# braucht man einen primary key



## ruhrbengel32 (26. Oktober 2004)

Hallo Leute.

  Ich habe in mysql eine datenbank mit folgender tabelle:

  create table art_order (
  orderid int not null references kd_order(orderid),
  artid int not null references artikel(artikelnr),
  menge int(3)) type=innodb;

  Zuvor hatte ich noch

  primary key(orderid, artikelid)

 gesetzt , danach hatte ich einen fehler beim einfügen der daten, was ja auch logisch ist, denn wenn ein kunde zweimal dasselbe teil kauft hätte ich nun zwei gleiche einträger in der tabelle und das wäre ja bei einem vorhandenen primary key falsch, oder


----------



## KristophS (26. Oktober 2004)

Ja. ein Primary Key muss 'unique' sein, also einzigartig.
Primary Keys sind nicht unb. noetig, sind aber nicht schlecht.
Fuer mehr einfach mal die DOKU deiner Datenbank lesen.


----------



## ManicMarble (27. Oktober 2004)

Ein Grundsatz, der eigentlich nie schaden kann:
Absolut _jede_ Tabelle kriegt als erstes Feld ein unsigned-int[11]-auto_increment-Feld. Das wird der Primary Key.
Ich mache das bei allen meinen Projekten so, es hat sich noch nie als unnötig rausgestellt und schon oft geholfen. Man hat immer eine eindeutige Datensatz-ID, allein das ist schon fast ein Muss. Man kann problemlos mit LAST_INSERT_ID() arbeiten - großer Vorteil. Man kann immer 100%ig sicher bestimmen, welcher Datensatz ge-updated werden soll (UPDATE ... WHERE id = '123').

Martin


----------



## mschuetzda (27. Oktober 2004)

... und es hat den Vorteil, dass man die eigentlich eindeutigen "primary key Kandidaten" ohne Folgeprobleme updaten bzw. ändern/korrigieren kann,.


----------



## Radhad (28. Oktober 2004)

Hat nur einen Nachteil, wenn die Tabelle selbst aus einem Mehrteiligen Primary Key besteht, wo die ID eigentlich unnötig ist...  Also laut Normalform würde ich nicht immer eine ID einführen.


----------



## mschuetzda (28. Oktober 2004)

ja aber,  nicht Normalform hat manchmal theopraktische Vorteile.


----------



## ManicMarble (28. Oktober 2004)

Radhad hat gesagt.:
			
		

> Hat nur einen Nachteil, wenn die Tabelle selbst aus einem Mehrteiligen Primary Key besteht, wo die ID eigentlich unnötig ist...  Also laut Normalform würde ich nicht immer eine ID einführen.
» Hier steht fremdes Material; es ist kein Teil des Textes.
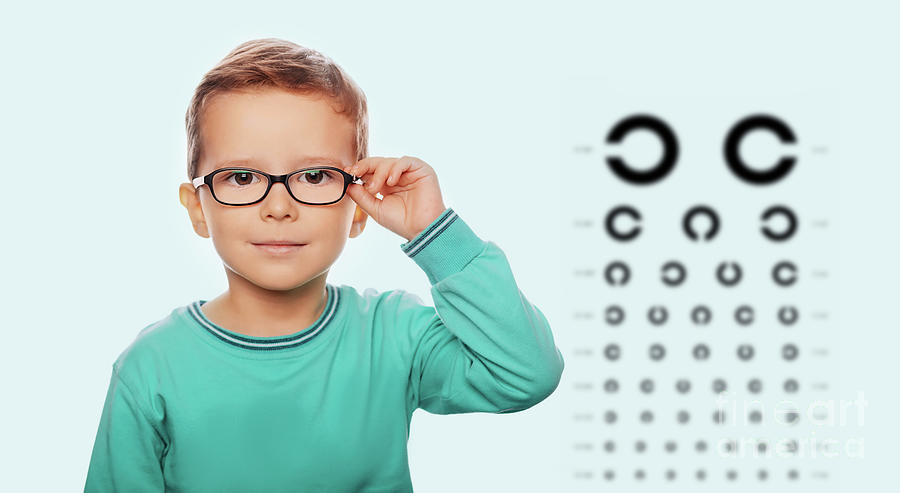 Eye Test #82 Photograph by Peakstock / Science Photo Library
Normalisierung hin oder her - für mich zählt der praktische Nutzen. Und eine ID-Spalte mag ja manchmal tatsächlich überflüssig sein, wirklich schaden tut sie eigentlich nie.
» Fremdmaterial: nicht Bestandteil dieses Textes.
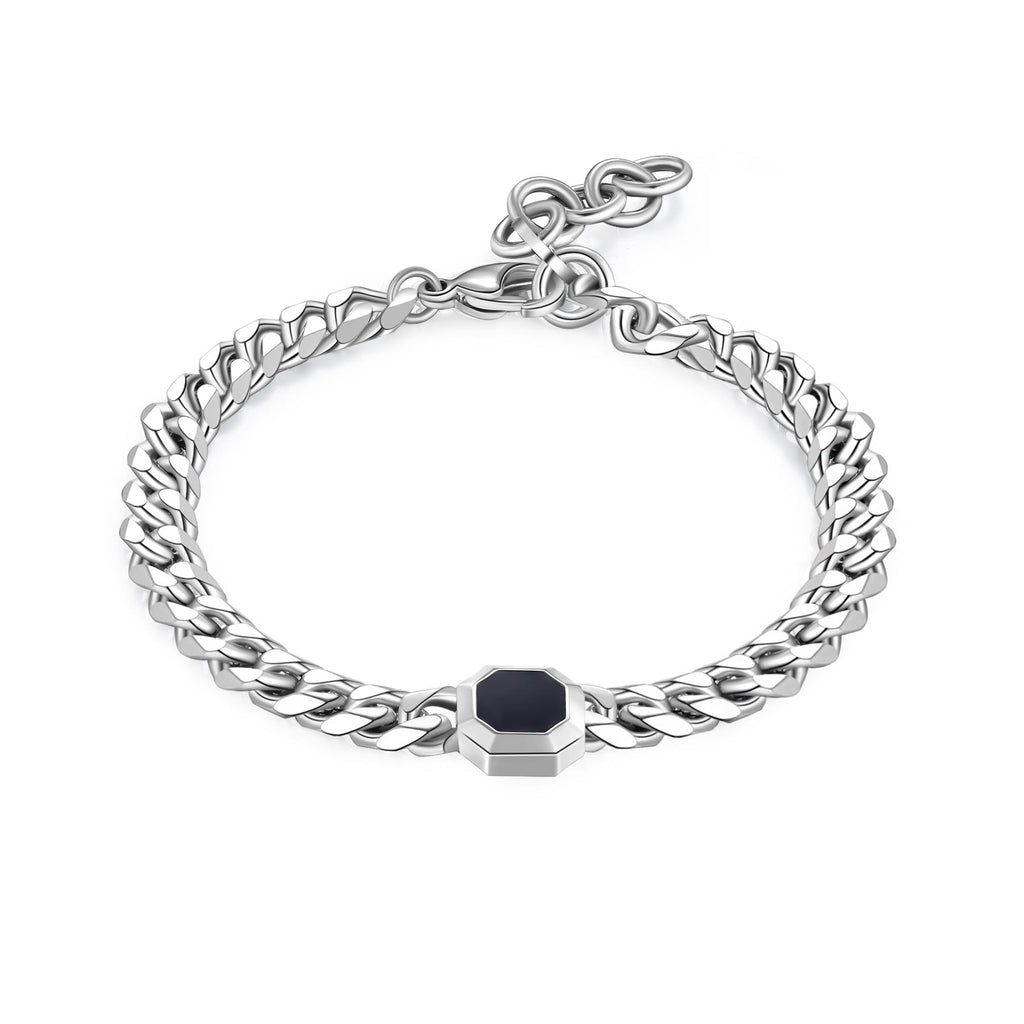S'Agapò - Bracciale CASTLE uomo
Natürlich gibt es (oft) Fälle, wo andere Schlüssel gebraucht werden, die sind auch oft kombiniert und/oder UNIQUE. Aber PRIMARY ist bei mir einfach immer die ID.
Selbst reine n:m-Beziehungs-Tabellen haben bei mir mindestens 3 Spalten: neben den Verknüpfungs-Spalten (bspw. x_id und y_id) die von mir aus auch indiziert sind gibts eben noch die Primary-Key-auto_increment-Spalte id, die den Verknüpfungs-Tabellen-Datensatz eindeutig identifiziert. Ja, das ist manchmal nicht nötig - oft stellt's sich aber später als hilfreich heraus.

Martin


----------



## Geshrec22 (30. Oktober 2004)

Hmmm ich war bisher eigentlich auch immer der Meinung das ein dritter Column bei n:m Sachen sinnlos ist... Kannst du mal genauer spezifizieren wobei die dritte Spalte hilfreich sein könnte? Würde mich interessieren...


----------



## ManicMarble (30. Oktober 2004)

Ok, ich ändere die Wortwahl:
Es ist OFT nicht nötig - MANCHMAL stellt's sich aber später als hilfreich heraus.

Hilfreich ist's zum Beispiel, wenn man per PHP eine HTML-Dropdown-Liste füllt (<select>). Man kann dann bei den <option>s einfach die ID der Beziehungs-Tabelle als value hernehmen. Gäb's die nicht, dann müsste man als eindeutige DS-Identifikation eine Kombination aus x_id und y_id mit einem Trennzeichen dazwischen basteln und das dann wieder auseinanderpfriemeln, um den vom Anwender ausgewählten Beziehungs-Datensatz exakt zu bestimmen. Klar, das geht auch, ist aber umständlich. Ich schrieb ja auch "hilfreich" und nicht "notwendig"  .


----------



## Geshrec22 (30. Oktober 2004)

mhja... hast auch wieder recht 
 ich hab den fall auch gerade ^^
 vonwegen pfriemeln....

 Übrigens danke nochmal für deine Hilfe in dem anderen Thread....


----------